Maple Leafs send Liljegren to Sharks for Benning, picks
The Toronto Maple Leafs traded defenseman Timothy Liljegren to the San Jose Sharks for blue-liner Matt Benning, a conditional 2025 third-round pick, and a 2026 sixth-round pick.
Toronto will receive the better of San Jose's two third-round picks, which originally belonged to the Colorado Avalanche and Edmonton Oilers. The Sharks sent their own 2025 third-rounder to the Vegas Golden Knights as part of the 2024 Tomas Hertl trade.
Liljegren had fallen out of favor with the Maple Leafs this season under new head coach Craig Berube, being a healthy scratch in all but one game. The 25-year-old played top-four minutes for most of the 2023-24 campaign.
In the previous three seasons, Liljegren averaged 29 points per 82 games while logging 17:56 per contest. He won his minutes handily in that time, with the Maple Leafs controlling 56.4% of the expected goals and 57.8% of the actual goals with him on the ice at five-on-five, per Evolving-Hockey.
However, Liljegren routinely lost the trust of former Maple Leafs head coach Sheldon Keefe when the playoffs rolled around, dressing in only 13 of Toronto's 25 postseason games over the last three years.
The Maple Leafs signed Liljegren to a two-year, $6-million contract this past offseason, and he'll be an unrestricted free agent in 2026. His $3-million cap hit proved to be too expensive for a No. 7 defenseman, especially since the Maple Leafs are up against the cap and anticipating forwards Calle Jarnkrok ($2.1M cap hit) and Connor Dewar ($1.18M cap hit) and defenseman Jani Hakanpaa ($1.47M cap hit) coming off LTIR this season.
A first-round pick by the Maple Leafs in 2017, Liljegren should get a chance to play more frequently for the last-place Sharks, who have been deploying Cody Ceci, Jan Rutta, and Henry Thrun on the right side of their blue line. Liljegren could challenge for top-pairing minutes.
He thanked the city of Toronto and the Maple Leafs organization on Instagram.

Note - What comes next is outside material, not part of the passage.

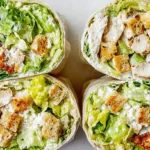 Four freshly prepared chicken Caesar salad wraps, showcasing vibrant ingredients, ideal as easy lunch ideas for work.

Benning gives the Maple Leafs depth on the blue line for a more cost-efficient $1.25-million cap hit through 2025-26. The 30-year-old has been a third-pairing defenseman for most of his nine-year NHL career during stops in Edmonton, Nashville, and San Jose.
Benning shoots right and is listed at 6-foot-1, 203 pounds. His most productive season came in 2022-23 when he tallied 24 points in 77 games while averaging a career-high 19:47 for the Sharks.
The draft picks give the Maple Leafs added trade ammunition as they project to be buyers at the deadline. Toronto still only has nine selections over the next two years.